● EXERCISE AIM: Copying rule for the data below: pictures stay out, and only the lines from the one with "In this tutorial, we" down to the one with "The else statement", inclusive, are repeated exactly.

***** DATASET *****

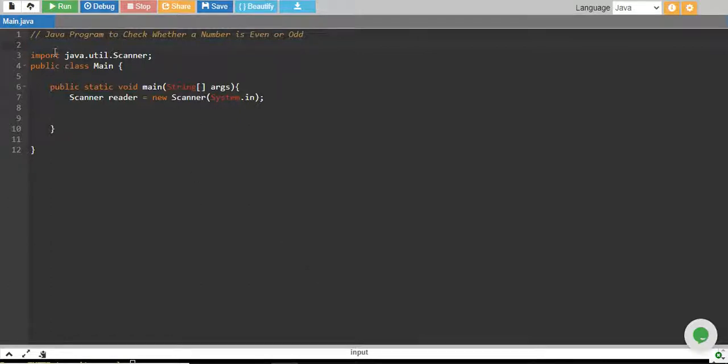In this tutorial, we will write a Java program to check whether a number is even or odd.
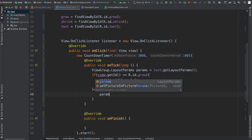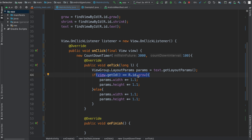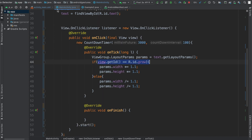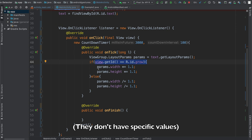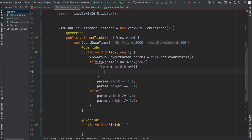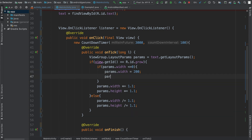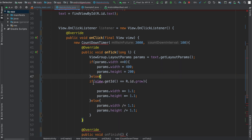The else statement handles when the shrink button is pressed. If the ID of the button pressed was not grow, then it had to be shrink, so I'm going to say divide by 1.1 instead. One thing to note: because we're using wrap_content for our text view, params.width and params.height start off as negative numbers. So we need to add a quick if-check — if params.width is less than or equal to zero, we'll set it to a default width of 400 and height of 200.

*****
***** DATASET *****

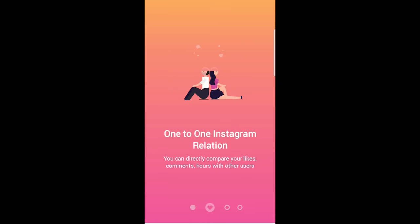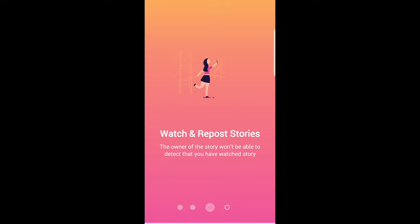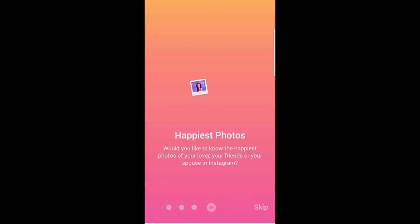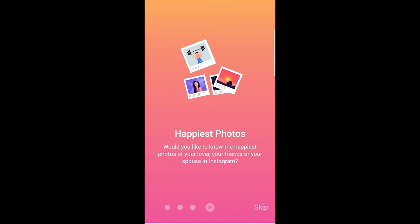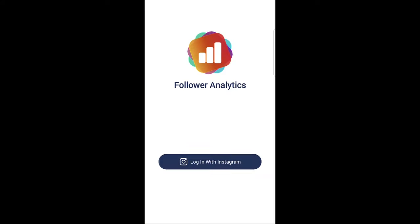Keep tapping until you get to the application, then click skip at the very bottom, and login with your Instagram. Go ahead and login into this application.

*****

● OUTPUT FOR THIS TASK:
In this tutorial, we will write a Java program to check whether a number is even or odd.
The else statement handles when the shrink button is pressed. If the ID of the button pressed was not grow, then it had to be shrink, so I'm going to say divide by 1.1 instead. One thing to note: because we're using wrap_content for our text view, params.width and params.height start off as negative numbers. So we need to add a quick if-check — if params.width is less than or equal to zero, we'll set it to a default width of 400 and height of 200.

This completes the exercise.